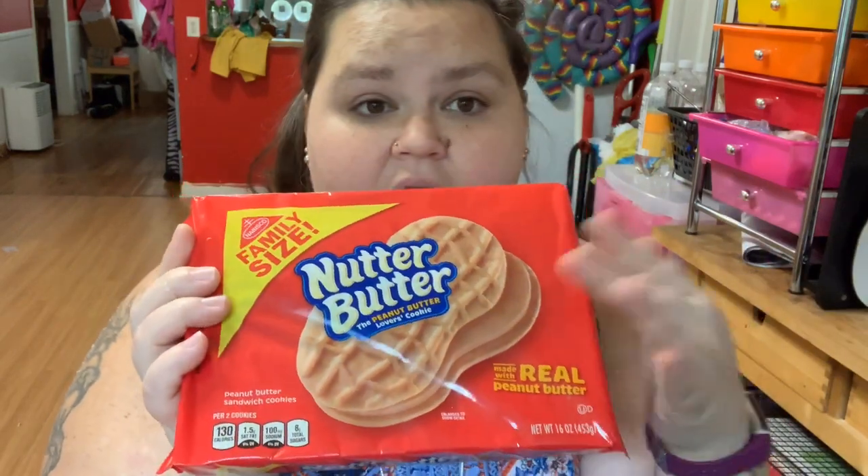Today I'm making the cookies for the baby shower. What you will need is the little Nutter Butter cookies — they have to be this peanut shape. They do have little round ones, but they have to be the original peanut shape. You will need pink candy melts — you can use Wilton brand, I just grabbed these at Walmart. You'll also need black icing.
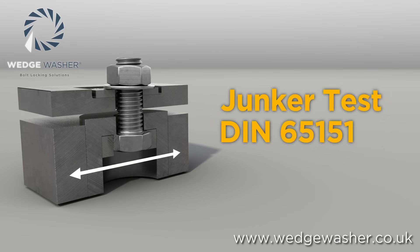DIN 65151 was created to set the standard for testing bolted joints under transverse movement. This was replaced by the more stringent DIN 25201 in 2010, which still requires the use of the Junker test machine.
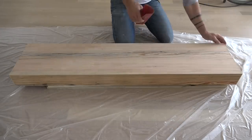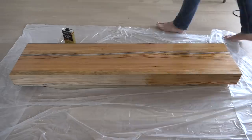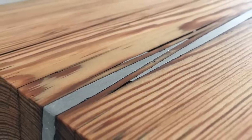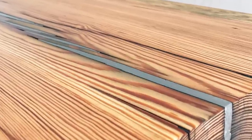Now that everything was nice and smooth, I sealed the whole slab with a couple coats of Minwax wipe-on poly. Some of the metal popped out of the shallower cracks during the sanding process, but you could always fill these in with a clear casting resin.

────────────────

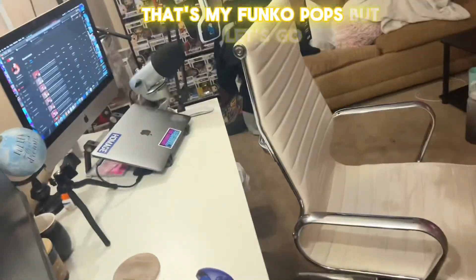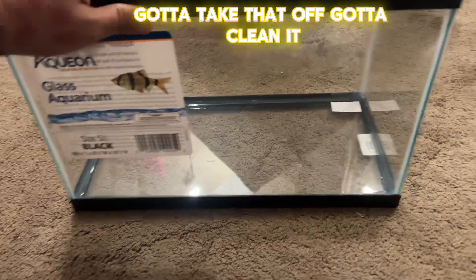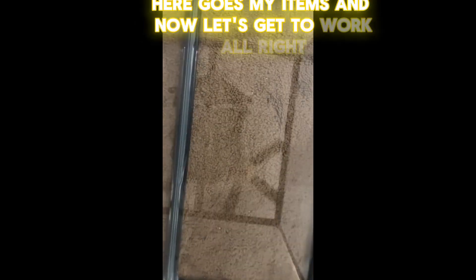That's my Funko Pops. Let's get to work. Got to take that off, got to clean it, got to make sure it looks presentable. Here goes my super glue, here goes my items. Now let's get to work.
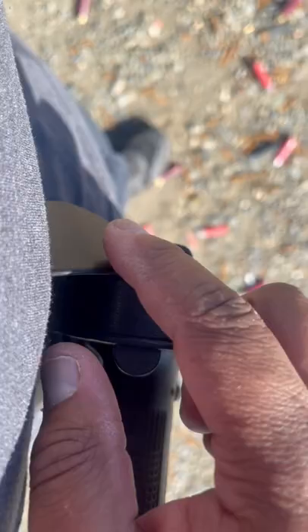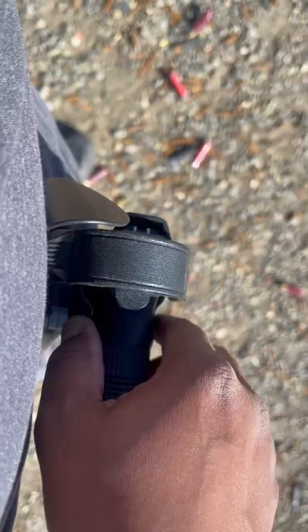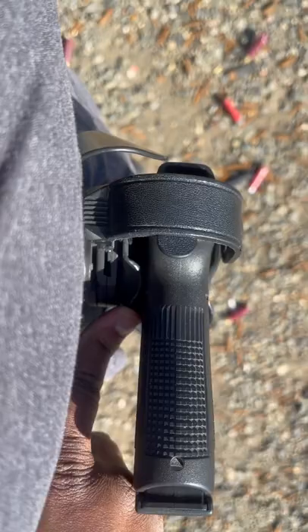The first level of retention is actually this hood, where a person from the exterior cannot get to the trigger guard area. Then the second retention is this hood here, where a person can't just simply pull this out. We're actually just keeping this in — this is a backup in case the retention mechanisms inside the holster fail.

────────────────

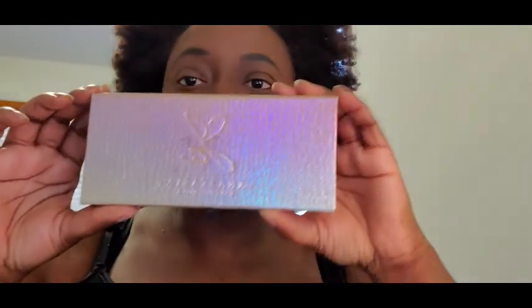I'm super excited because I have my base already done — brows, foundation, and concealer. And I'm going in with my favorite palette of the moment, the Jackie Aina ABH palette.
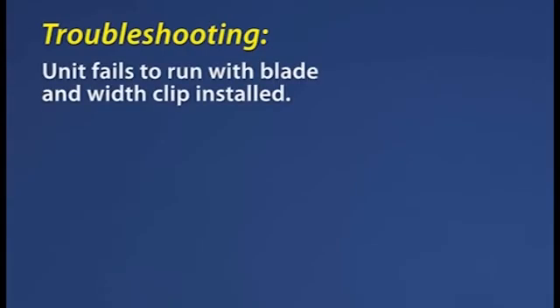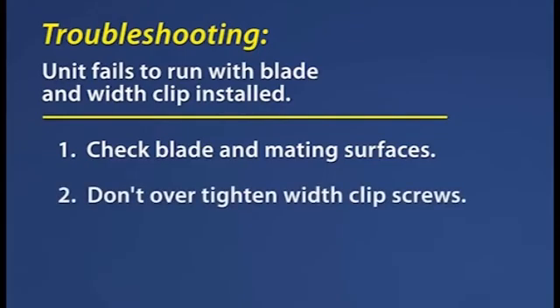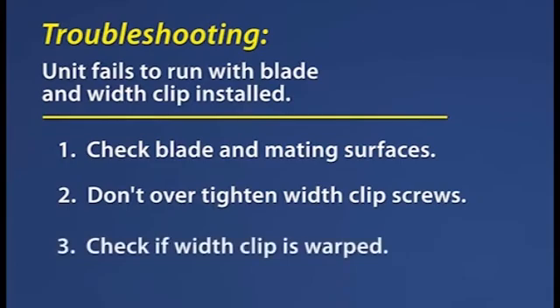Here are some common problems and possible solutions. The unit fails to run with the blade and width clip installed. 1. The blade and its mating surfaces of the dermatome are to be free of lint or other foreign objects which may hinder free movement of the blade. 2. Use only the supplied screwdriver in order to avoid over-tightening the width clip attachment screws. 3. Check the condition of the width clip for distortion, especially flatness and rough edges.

────────────────

◆ Work to complete
"Today I'm making" marks the first line to copy, and "DIN 65151 was" marks the last. Repeat that stretch above exactly, with no pictures.

◆ Exercise answer
Today I'm making the cookies for the baby shower. What you will need is the little Nutter Butter cookies — they have to be this peanut shape. They do have little round ones, but they have to be the original peanut shape. You will need pink candy melts — you can use Wilton brand, I just grabbed these at Walmart. You'll also need black icing.
DIN 65151 was created to set the standard for testing bolted joints under transverse movement. This was replaced by the more stringent DIN 25201 in 2010, which still requires the use of the Junker test machine.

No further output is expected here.